What needs to be done
In the entries below, find the line with "WAGNER Parking Brake Shoe Z857" and the line with "Under the Sea Napkin Rings (thin)"; reproduce those two lines and all lines between them exactly, without pictures.

The data
——————

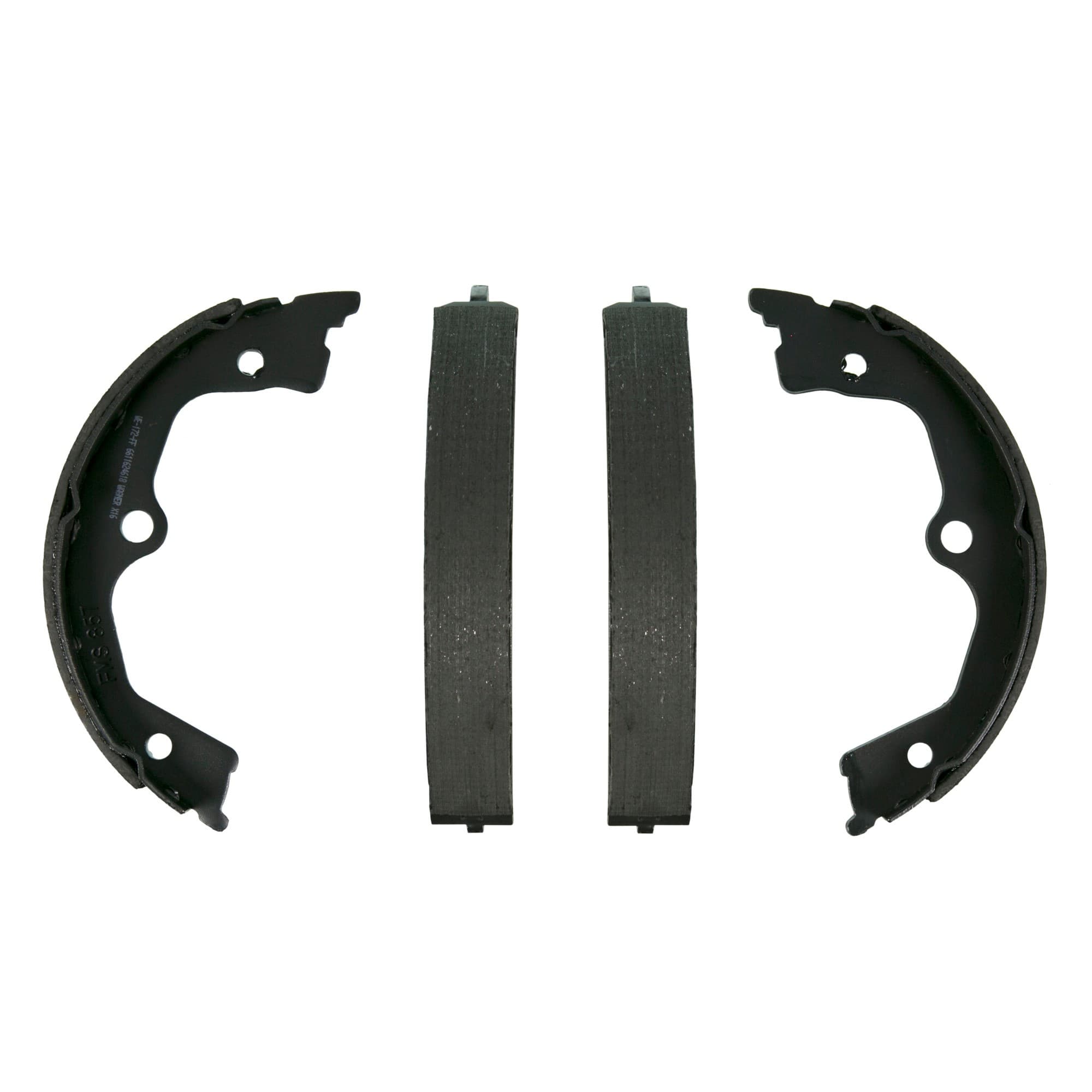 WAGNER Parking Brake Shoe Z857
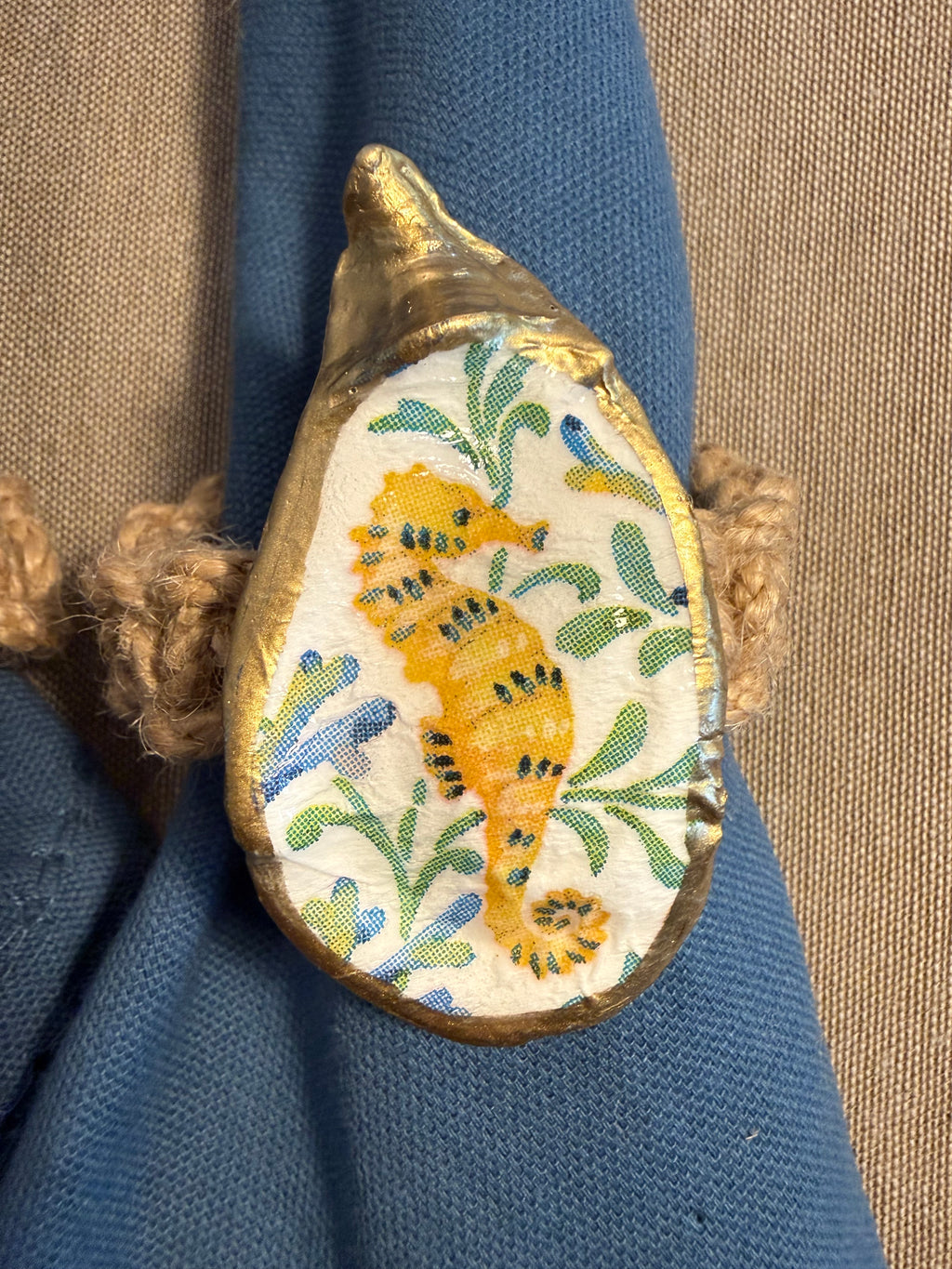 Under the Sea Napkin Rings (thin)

——————

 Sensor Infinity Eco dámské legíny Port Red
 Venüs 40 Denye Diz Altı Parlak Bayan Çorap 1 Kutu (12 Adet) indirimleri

——————

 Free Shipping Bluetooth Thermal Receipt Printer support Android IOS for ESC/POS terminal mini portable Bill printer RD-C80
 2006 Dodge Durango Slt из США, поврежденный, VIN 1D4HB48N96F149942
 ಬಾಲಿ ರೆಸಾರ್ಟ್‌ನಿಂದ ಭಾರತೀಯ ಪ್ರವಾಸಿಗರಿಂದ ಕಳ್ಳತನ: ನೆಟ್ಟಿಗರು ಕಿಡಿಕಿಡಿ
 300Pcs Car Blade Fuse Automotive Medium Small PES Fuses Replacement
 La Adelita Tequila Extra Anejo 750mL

——————

Answer for this exercise
 WAGNER Parking Brake Shoe Z857
 Under the Sea Napkin Rings (thin)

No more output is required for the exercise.